Semantic Caching for Intelligent Running Analysis

In my previous post, I shared the story of four marathons, plantar fasciitis, and a painful realization: every running app pushed me toward my goals, but none of them understood what my body could actually handle. I talked about watching my sub-4:30 dream slip away while my training apps kept urging me forward, oblivious to the red flags my body was sending. That post ended with a promise. I mentioned building a Spring Boot + AI application—an “injury-aware coach” that would refuse to push me when my body showed warning signs. This post is the technical deep-dive into that system: runs-ai-analyzer. This isn’t just another fitness tracker. It’s the build-out of the AI Advisor layer I referenced in my previous architecture diagram—the piece that sits on top of the run-data queue, looks at injury history, and decides if the ‘system’ needs a forced reboot. More specifically, this is about how I used PostgreSQL’s PGVector extension to implement smart caching for AI-powered running analysis.

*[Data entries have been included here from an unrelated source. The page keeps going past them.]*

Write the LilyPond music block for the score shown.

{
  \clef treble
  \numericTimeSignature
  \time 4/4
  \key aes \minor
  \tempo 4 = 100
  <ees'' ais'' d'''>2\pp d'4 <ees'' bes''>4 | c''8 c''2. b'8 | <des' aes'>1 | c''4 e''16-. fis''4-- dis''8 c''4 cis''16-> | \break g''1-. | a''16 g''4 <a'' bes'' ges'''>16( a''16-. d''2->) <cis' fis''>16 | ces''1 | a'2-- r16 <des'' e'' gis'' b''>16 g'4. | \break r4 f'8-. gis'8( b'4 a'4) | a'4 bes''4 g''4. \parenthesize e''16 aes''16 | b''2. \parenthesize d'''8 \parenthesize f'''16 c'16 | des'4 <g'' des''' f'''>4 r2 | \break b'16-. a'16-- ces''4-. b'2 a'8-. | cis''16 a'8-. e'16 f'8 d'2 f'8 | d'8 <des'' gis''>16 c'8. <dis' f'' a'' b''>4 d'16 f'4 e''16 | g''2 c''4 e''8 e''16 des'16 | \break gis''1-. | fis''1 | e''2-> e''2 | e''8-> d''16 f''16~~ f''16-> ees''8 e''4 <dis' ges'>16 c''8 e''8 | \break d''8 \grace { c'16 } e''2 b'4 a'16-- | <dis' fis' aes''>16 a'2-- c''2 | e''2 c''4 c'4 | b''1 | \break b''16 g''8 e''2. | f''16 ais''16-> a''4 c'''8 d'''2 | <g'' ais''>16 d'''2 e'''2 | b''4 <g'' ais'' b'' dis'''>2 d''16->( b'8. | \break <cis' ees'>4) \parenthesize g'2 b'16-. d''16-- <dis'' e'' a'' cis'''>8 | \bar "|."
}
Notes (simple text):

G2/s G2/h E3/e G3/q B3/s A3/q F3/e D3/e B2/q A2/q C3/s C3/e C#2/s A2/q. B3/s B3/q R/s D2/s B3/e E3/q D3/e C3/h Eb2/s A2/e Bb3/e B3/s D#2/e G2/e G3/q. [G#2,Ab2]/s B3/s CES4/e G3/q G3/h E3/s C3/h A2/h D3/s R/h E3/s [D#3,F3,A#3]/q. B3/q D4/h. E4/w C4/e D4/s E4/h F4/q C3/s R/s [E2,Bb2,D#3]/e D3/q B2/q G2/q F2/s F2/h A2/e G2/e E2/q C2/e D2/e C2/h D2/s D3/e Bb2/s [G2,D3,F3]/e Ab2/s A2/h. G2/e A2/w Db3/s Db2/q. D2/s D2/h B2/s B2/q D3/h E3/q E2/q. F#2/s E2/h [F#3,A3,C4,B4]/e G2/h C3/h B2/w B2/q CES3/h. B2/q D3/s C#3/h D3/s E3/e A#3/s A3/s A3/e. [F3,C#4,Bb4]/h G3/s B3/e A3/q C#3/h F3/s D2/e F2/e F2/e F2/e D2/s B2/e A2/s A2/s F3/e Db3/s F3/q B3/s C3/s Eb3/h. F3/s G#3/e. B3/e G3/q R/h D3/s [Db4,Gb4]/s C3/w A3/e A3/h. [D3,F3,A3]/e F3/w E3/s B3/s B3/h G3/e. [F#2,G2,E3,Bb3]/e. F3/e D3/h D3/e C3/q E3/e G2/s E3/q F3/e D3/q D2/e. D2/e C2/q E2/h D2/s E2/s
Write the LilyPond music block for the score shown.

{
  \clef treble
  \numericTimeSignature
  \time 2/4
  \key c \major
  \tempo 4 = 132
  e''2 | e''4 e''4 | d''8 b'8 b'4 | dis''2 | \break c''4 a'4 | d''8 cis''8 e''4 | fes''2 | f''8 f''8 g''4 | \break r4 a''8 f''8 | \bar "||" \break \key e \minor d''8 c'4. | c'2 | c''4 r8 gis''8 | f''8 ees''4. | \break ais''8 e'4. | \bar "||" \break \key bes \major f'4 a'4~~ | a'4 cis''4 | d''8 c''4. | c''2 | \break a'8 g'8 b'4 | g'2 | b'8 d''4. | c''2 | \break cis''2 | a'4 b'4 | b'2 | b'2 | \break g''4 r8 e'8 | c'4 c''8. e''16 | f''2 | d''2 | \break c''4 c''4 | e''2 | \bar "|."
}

If the last post was about why we need smarter training tools, this one is about how I built it.

The Data That Started Everything

Let me show you what 266.7 miles of running data looks like when you break it down.

My running patterns from September 2025 to January 2026: 29 runs, averaging 9.2 miles per session

Looking at this data, you’ll notice some patterns: Distance Distribution Breakdown:

Recovery runs (0-3 miles): 3.4% — almost non-existent in my training
Short runs (3-5 miles): 24.1% — my go-to maintenance runs
Base runs (5-8 miles): 34.5% — the bread and butter
Long runs (8-13 miles): 6.9% — surprisingly rare
Half marathon distance (13-15 miles): 17.2% — training for the real thing
Marathon distance (15+ miles): 13.8% — including that 26.2-mile Dallas Marathon The heart rate data tells another story. My average HR across all runs sits at 146 bpm, with max heart rates consistently hitting 165-180 bpm during hard efforts. That’s the kind of pattern an AI can learn from.

But here’s the problem: if I analyze these same 29 runs multiple times, should the AI regenerate the same insights every time? That’s expensive and slow. This is where the architecture gets interesting.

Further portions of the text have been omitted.